Data records
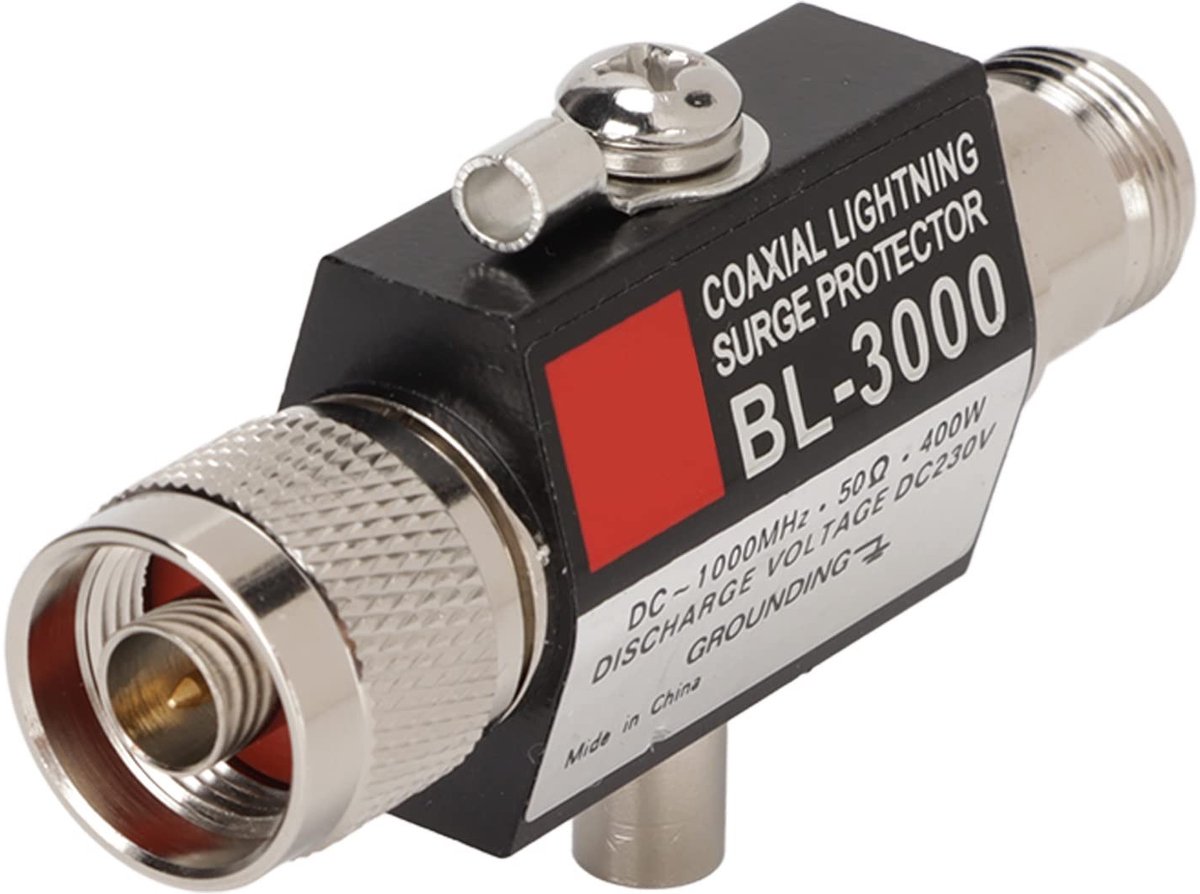 Allecto - 400W Coaxiale Afleider - Bliksemoverspanning - Ideaal voor antenne-installaties - Compact formaat - Bescherming tegen overspanning - Gesc...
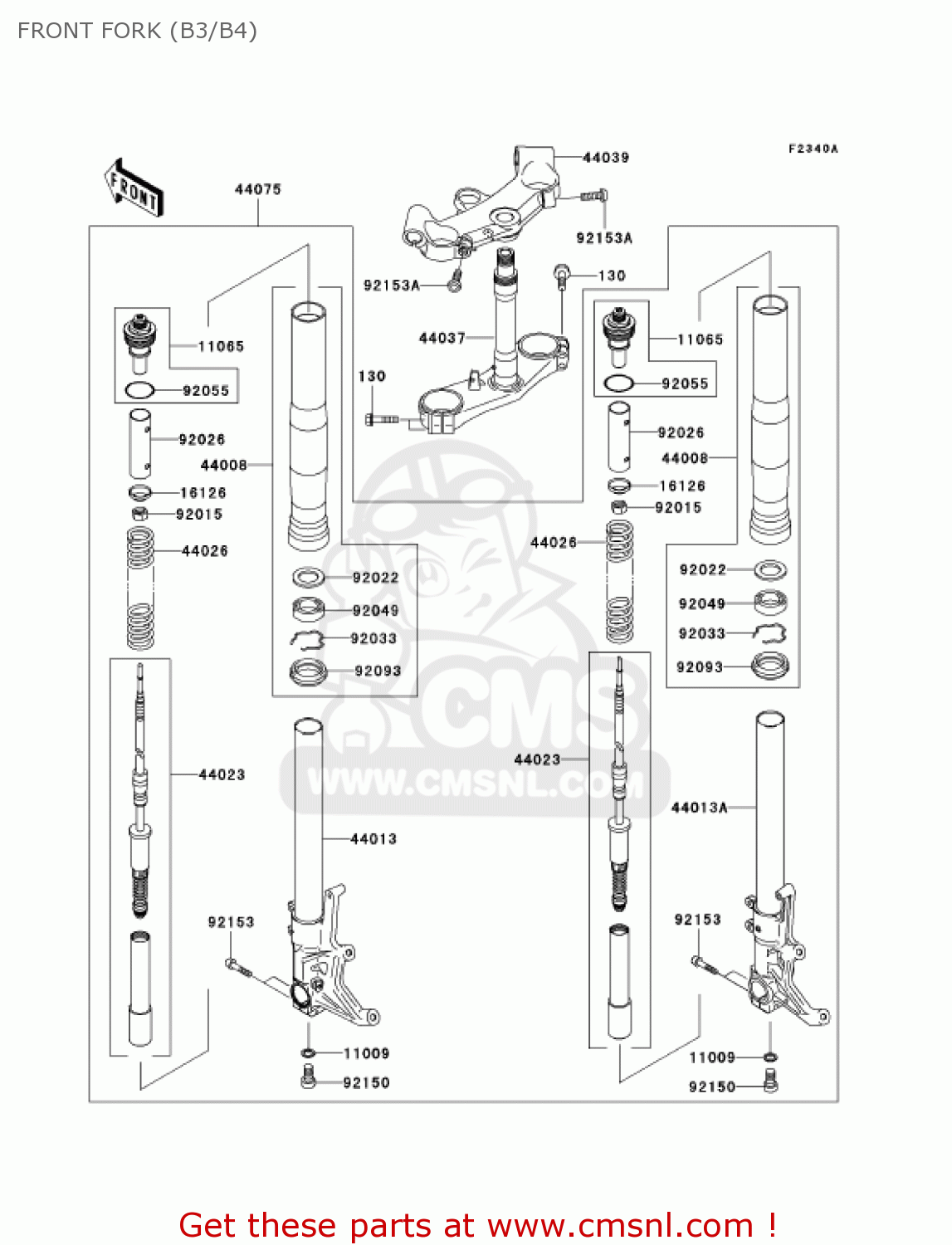 FRONT FORK (B3/B4) ZX1200B4 ZX12R 2005 USA CALIFORNIA CANADA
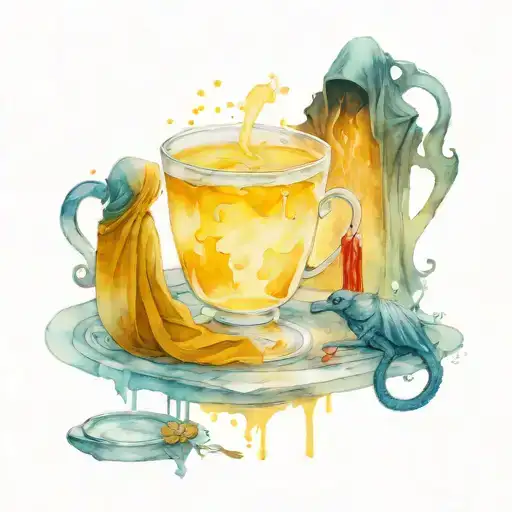 the suriel, a nazgul and a dementor having tea tattoo design idea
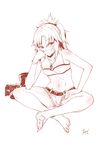  absurdres bandeau covered_nipples cutoffs f.w.zholic fate/apocrypha fate_(series) feet highres jewelry midriff monochrome mordred_(fate) mordred_(fate)_(all) navel necklace short_shorts shorts soles solo 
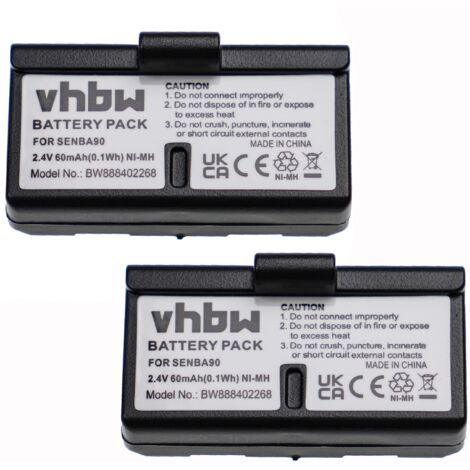 vhbw 2x Akku kompatibel mit Sennheiser S180, RI100, SET100, RI100-A/RI100-J, Set 180 Wireless Headset Kopfhörer (60mAh, 2,4V, NiMH) (1/4)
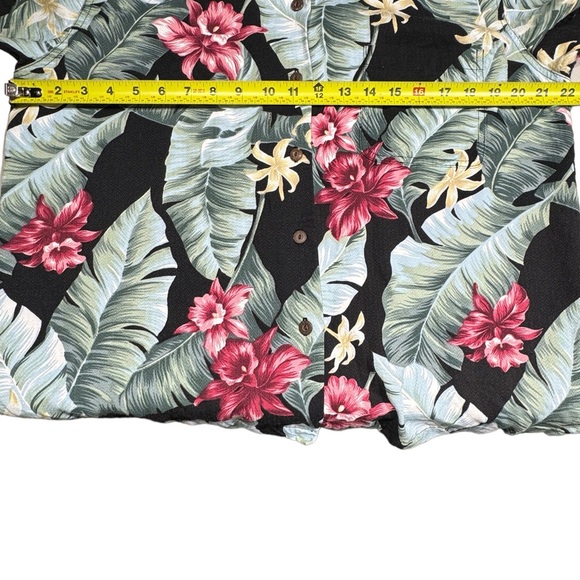 Kona Malia Button Up Shirt Men M Black Green Floral Hawaiian Casual Vacation USA - Picture 6 of 11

About this exercise:
Beginning with the line that contains "vhbw 2x Akku" and ending with the final line of the entries, every line must be copied exactly; the pictures must not.

Solution to this task:
 vhbw 2x Akku kompatibel mit Sennheiser S180, RI100, SET100, RI100-A/RI100-J, Set 180 Wireless Headset Kopfhörer (60mAh, 2,4V, NiMH) (1/4)
 Kona Malia Button Up Shirt Men M Black Green Floral Hawaiian Casual Vacation USA - Picture 6 of 11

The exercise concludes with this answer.